What you should do: The whole listing that follows should be printed again, unchanged.
Material provided Start Marker
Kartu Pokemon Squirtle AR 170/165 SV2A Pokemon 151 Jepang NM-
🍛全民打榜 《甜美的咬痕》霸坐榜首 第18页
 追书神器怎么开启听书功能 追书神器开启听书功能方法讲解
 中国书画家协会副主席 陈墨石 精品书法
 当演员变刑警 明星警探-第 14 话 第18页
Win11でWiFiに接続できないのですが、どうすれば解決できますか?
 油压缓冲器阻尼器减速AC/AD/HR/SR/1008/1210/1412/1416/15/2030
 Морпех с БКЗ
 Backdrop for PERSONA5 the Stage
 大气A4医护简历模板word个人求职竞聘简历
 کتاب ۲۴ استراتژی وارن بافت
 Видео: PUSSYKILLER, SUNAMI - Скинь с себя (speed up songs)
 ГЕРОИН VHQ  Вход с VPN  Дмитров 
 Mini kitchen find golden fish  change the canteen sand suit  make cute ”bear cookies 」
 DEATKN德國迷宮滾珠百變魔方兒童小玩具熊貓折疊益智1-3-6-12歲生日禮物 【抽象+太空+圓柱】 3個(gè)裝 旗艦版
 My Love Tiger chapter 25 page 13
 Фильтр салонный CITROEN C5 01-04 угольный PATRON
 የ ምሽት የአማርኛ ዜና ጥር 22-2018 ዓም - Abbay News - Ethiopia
Material provided End Marker
Response box:
Kartu Pokemon Squirtle AR 170/165 SV2A Pokemon 151 Jepang NM-
🍛全民打榜 《甜美的咬痕》霸坐榜首 第18页
 追书神器怎么开启听书功能 追书神器开启听书功能方法讲解
 中国书画家协会副主席 陈墨石 精品书法
 当演员变刑警 明星警探-第 14 话 第18页
Win11でWiFiに接続できないのですが、どうすれば解決できますか?
 油压缓冲器阻尼器减速AC/AD/HR/SR/1008/1210/1412/1416/15/2030
 Морпех с БКЗ
 Backdrop for PERSONA5 the Stage
 大气A4医护简历模板word个人求职竞聘简历
 کتاب ۲۴ استراتژی وارن بافت
 Видео: PUSSYKILLER, SUNAMI - Скинь с себя (speed up songs)
 ГЕРОИН VHQ  Вход с VPN  Дмитров 
 Mini kitchen find golden fish  change the canteen sand suit  make cute ”bear cookies 」
 DEATKN德國迷宮滾珠百變魔方兒童小玩具熊貓折疊益智1-3-6-12歲生日禮物 【抽象+太空+圓柱】 3個(gè)裝 旗艦版
 My Love Tiger chapter 25 page 13
 Фильтр салонный CITROEN C5 01-04 угольный PATRON
 የ ምሽት የአማርኛ ዜና ጥር 22-2018 ዓም - Abbay News - Ethiopia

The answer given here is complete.